Ukraine – One American Expatriate’s Point of View

As an American who has been living in Kharkiv, Ukraine for the past two years, I’m often asked for my opinion on the current situation in Ukraine by Ukrainians. I’m also often the recipient of concern for my well-being from friends back in the USA. While I’ve exchanged private email and messages with a number of people, and posted a few news stories to my accounts on Facebook and VK, I haven’t actually written up a statement of my own until now.
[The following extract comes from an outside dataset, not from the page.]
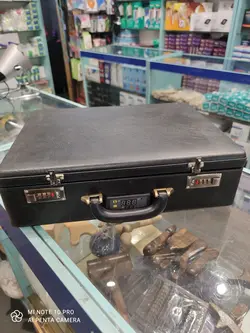 هیتر کیفی سنگ داغ ایرانی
I guess the time has finally come for me to write a few things about the current state of affairs here in Ukraine, and in Kharkiv in particular.

A Brief History Lesson

The Kievan Rus, 8th-9th Century

The Kievan Rus, 8th-9th Century

To even begin to understand the situation in Ukraine, I think Americans need a bit of a history lesson. The fact is that most Americans probably couldn’t have located Ukraine on a map before the recent unrest began, and most of them have zero understanding of Eastern European history. As evidence of this, I cite one question that Americans frequently ask me about Ukraine: “Isn’t the Ukraine part of Russia?” No, Ukraine is not part of Russia, and it’s not “the Ukraine” anymore. During the Soviet era, Ukraine was one of the republics of the USSR, and was known as “the Ukraine” in the west as it was a regional republic within a larger whole (the USSR). Today it is an independent nation, and as a result, the “the” before its name has been dropped. In any case, Americans really do need a bit of a history lesson when it comes to understanding politics, society, and ethnic issues in Eastern Europe, as they generally don’t understand much of anything about this entire region.
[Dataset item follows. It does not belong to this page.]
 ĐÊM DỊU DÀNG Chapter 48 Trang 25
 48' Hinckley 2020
The Kievan Rus was established in the 9th century by the Varangians as the first historically recorded Eastern Slavic state. It rose to substantial influence and power during the Middle Ages, but had disintegrated by the end of the 12th century. It was invaded by Lithuanians, Poles, and Mongols, and its territories belonged to those groups entirely by the 14th century. In the 15th century, various regions of modern Ukraine were ruled by the Polish, the Lithuanians, and the Crimeans. By the 18th century, Ukraine had been split between the Poles and the Russians. By the 19th century, it was possessed by the Austrians (and later the Austro-Hungarians) and the Russian Empire, and it remained so until the 20th century. Read more »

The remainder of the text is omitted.